Prove that there exists a ∈ R so that the area bound by the curves $y = x^2$ and y=ax+1 is equal to 5.
I was trying to solve this question but I can't really seem to understand how to approach it since there is no information on how the curves will intersect.
On
Draw a picture for $a=0, 1, 5$. It should have one parabola from $y=x^2$ and three lines on it. You will see how the curves intersect. If you compute the area for $a=0$ you should find it is less than $5$. Intuitively, if $a$ is very large, the area will be, too. By the intermediate value theorem there is some $a$ that makes the area $5$. You are not asked to find the required $a$, though it would not be too hard. You just have to justify the statement that begins "Intuitively".

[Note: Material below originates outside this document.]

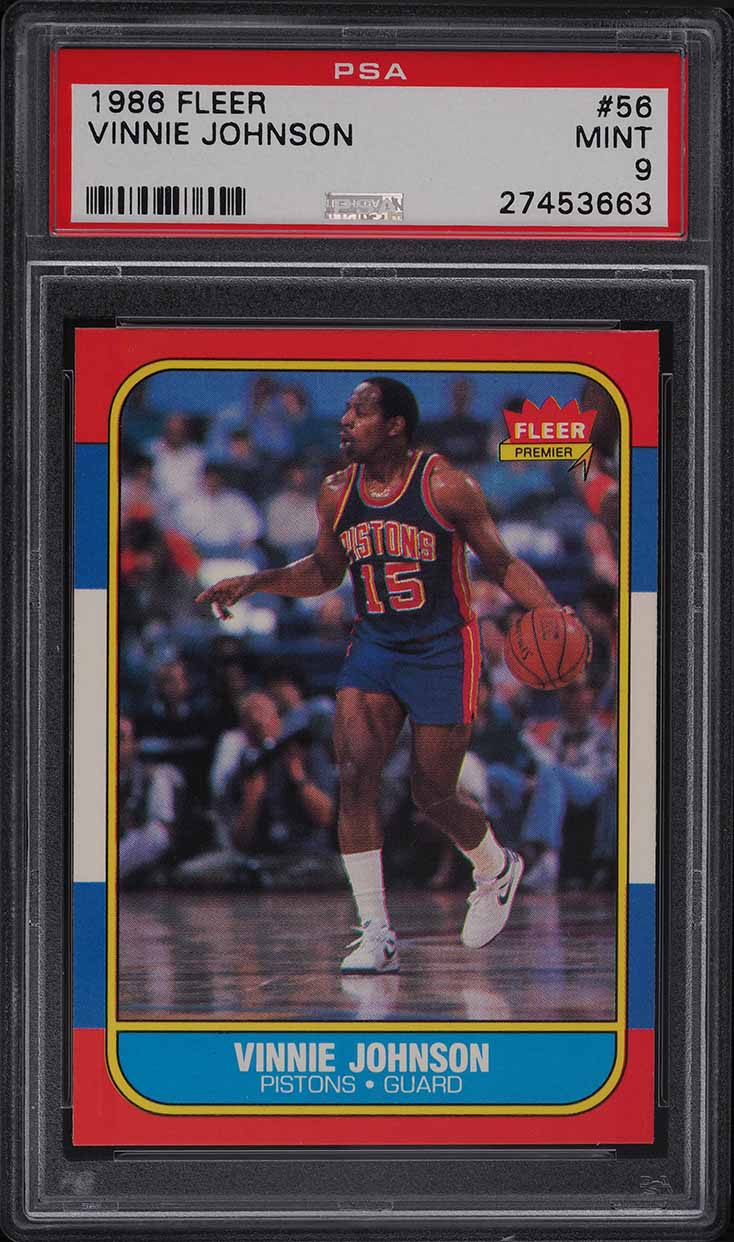 1986 Fleer Basketball Vinnie Johnson #56 PSA 9 MINT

Although @RossMillikan gave you the answer, i'll add the specific calculation for the value of $a$ which solves your question.
First thing first you have to find the points of intersection of the parabola with the line. They can easily be found solving the equation
$$ x^2 = ax+1 \implies x^2-ax-1 = 0 \implies x_{1,2} = \frac{+a\pm\sqrt{a^2+4}}{2} $$
Now if you look at a graph of a line intersecting a parabola it's easy to see that the area bound by the two curves is just the area under the line minus the area under the parabola between the two points of intersection. Using simple integration
$$\int\limits_{\frac{+a-\sqrt{a^2+4}}{2}}^{\frac{+a+\sqrt{a^2+4}}{2}} [(ax+1)-x^2]dx = \left.a\frac{x^2}{2} + x - \frac{x^3}{3}\right|_{\frac{+a-\sqrt{a^2+4}}{2}}^{\frac{+a+\sqrt{a^2+4}}{2}} = \frac{1}{6}(a^2+4)^{3/2}$$
Now you can just put this equal to $5$ and find the asked value of $a$.
At the end you'll find two values for $a$ belonging to the two symmetric lines with respect to the $y$-axis, namely
$$a= \pm\sqrt{30^{2/3}-4} $$